** Data to process follows **

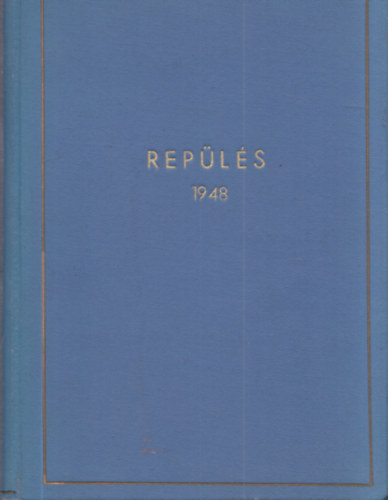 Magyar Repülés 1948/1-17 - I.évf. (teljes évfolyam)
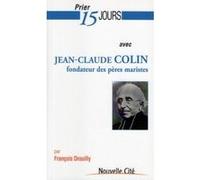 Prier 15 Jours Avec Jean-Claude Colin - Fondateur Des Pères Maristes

** End of Data to process **
** Data to process follows **

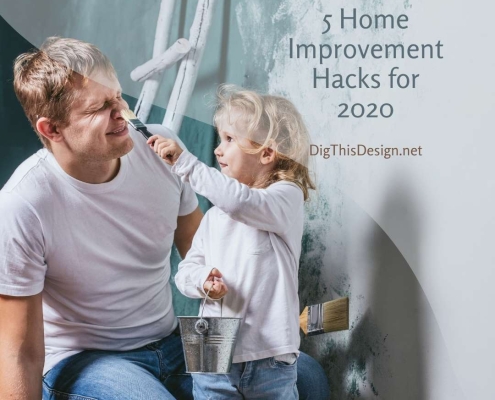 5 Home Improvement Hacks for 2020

** End of Data to process **

### The task
Your answer is the exact run of lines above from the one with "Magyar Repülés 1948/1-17" through the one with "Prier 15 Jours", both ends included, minus any picture.

### Written response
 Magyar Repülés 1948/1-17 - I.évf. (teljes évfolyam)
 Prier 15 Jours Avec Jean-Claude Colin - Fondateur Des Pères Maristes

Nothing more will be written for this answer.